One area in which S&P had specific interest in keeping things vague? A provision that would require the firm to report “significant errors.” The letter was first noticed by Reuters, though you can see the letter for yourself [PDF] on the Security and Exchange Commission’s website.
S&P “does not believe that the Commission should attempt to define the term ‘significant error,’ ” the firm wrote. Should it do so, the commission “would effectively be substituting its judgment for that of the (rating agency).” (Reuters notes that the other two of the three main ratings firms, Moody’s and Fitch, did not raise major concerns about the proposed rule on errors.)
In the controversy over the U.S. downgrade, Treasury officials accused the firm of making a miscalculation that “undermined the economic justification for S&P’s credit rating decision,” noting that after the mistake was pointed out, “S&P simply removed a prominent discussion of the economic justification from their document.”
According to the Wall Street Journal, however, S&P didn’t seem to agree on whether this mistake constituted a significant error:
S&P officials acknowledged the error Treasury pointed out but didn't believe it was so significant. It was a technical error, though it could have serious implications.
“We have found our error correction policy has proven to be effective,” the company told the SEC. That policy requires [PDF] the firm’s employees to “promptly report any material errors discovered” but essentially leaves it to the firm to define whether the error is significant enough to warrant disclosure or adjustment of ratings.
The SEC rule-making is mandated by the Dodd-Frank financial reform bill, passed by Congress last year to clean up after the financial meltdown of 2008.
In its comments on the rules, S&P sought more discretion than regulators had proposed. “The Commission should not set out such detailed requirements,” the company wrote regarding a proposal to require more reporting on firms’ internal control structures.
The rules also require ratings firms to limit the interaction between employees involved in developing ratings and employees involved in sales and marketing activities—the idea being to prevent the sort of conflicts of interest that some say aided and abetted the creation of risky mortage-backed securities.

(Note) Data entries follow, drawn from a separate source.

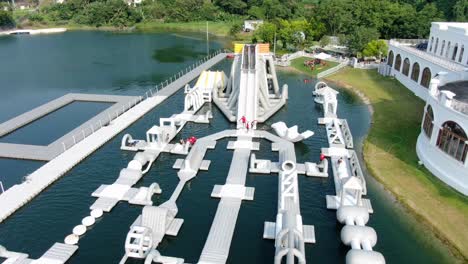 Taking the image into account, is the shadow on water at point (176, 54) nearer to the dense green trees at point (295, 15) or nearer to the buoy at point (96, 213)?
the dense green trees at point (295, 15)

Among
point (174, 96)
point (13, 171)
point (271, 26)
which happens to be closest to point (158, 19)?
point (271, 26)

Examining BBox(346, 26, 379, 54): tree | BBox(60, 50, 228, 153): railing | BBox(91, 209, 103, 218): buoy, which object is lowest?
BBox(91, 209, 103, 218): buoy

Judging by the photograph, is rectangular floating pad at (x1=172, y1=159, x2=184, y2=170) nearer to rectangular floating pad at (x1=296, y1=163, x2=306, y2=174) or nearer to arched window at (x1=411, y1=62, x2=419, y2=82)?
rectangular floating pad at (x1=296, y1=163, x2=306, y2=174)

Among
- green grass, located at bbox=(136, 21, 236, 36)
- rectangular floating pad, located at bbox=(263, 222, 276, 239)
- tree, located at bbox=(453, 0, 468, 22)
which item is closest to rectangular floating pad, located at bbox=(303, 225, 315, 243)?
rectangular floating pad, located at bbox=(263, 222, 276, 239)

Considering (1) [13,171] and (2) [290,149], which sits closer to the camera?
(1) [13,171]

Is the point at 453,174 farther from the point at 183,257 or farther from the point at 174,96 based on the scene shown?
the point at 174,96

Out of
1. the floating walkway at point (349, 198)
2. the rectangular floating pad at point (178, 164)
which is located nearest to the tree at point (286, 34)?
the floating walkway at point (349, 198) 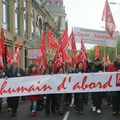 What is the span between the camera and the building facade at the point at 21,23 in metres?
32.8

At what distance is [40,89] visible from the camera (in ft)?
44.8

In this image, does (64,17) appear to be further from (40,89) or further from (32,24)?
(40,89)

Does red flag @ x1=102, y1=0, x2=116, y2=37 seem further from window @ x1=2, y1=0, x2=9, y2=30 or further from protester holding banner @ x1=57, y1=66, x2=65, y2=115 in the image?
window @ x1=2, y1=0, x2=9, y2=30

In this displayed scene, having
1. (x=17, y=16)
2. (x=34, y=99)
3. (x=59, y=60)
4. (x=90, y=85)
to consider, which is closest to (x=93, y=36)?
(x=59, y=60)

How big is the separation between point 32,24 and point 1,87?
109ft

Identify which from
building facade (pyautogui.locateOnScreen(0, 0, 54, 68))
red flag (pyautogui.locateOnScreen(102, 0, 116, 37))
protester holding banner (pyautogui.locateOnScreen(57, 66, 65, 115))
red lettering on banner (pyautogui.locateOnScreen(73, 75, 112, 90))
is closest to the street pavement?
protester holding banner (pyautogui.locateOnScreen(57, 66, 65, 115))

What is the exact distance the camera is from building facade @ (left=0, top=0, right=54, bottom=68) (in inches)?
1292

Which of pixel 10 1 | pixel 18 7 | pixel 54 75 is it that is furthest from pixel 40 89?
pixel 18 7

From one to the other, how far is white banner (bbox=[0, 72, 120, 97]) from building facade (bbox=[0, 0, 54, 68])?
1654 cm

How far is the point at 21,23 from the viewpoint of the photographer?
128 feet

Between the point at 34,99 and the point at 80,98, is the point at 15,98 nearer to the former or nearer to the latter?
the point at 34,99

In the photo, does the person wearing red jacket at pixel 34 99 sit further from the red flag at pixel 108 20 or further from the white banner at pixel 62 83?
the red flag at pixel 108 20

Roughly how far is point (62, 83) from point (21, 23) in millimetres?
25947

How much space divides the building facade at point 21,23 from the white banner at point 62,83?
16.5 metres
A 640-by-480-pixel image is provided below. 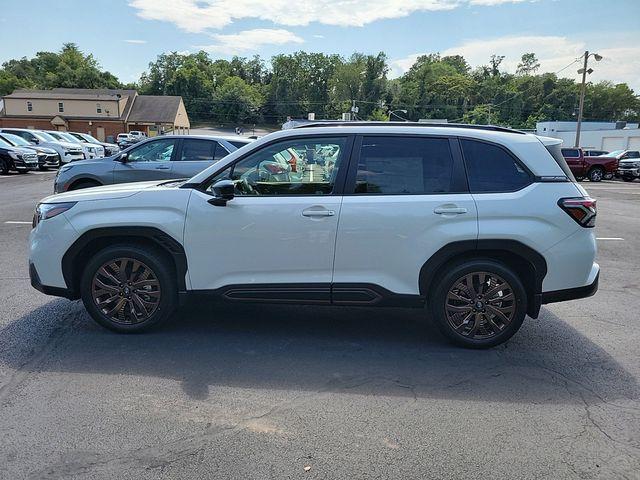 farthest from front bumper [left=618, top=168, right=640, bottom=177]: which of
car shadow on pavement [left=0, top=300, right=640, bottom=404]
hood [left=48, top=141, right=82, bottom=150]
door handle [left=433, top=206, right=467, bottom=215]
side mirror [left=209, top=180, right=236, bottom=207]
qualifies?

S&P urged the SEC not to define “sales and marketing activities.”
“We think it is appropriate for individual (rating agencies) to define these activities for themselves,” the company wrote.
Meanwhile, advocates of reform expressed disappointment on key aspects of the rules regarding internal controls and conflicts of interest. In a separate letter, Americans for Financial Reform and the Consumer Federation of America urged the SEC to enact more stringent rules in those areas and to provide “extensive clarification” on other aspects of the proposed regulations that the groups felt were too vague to be meaningful.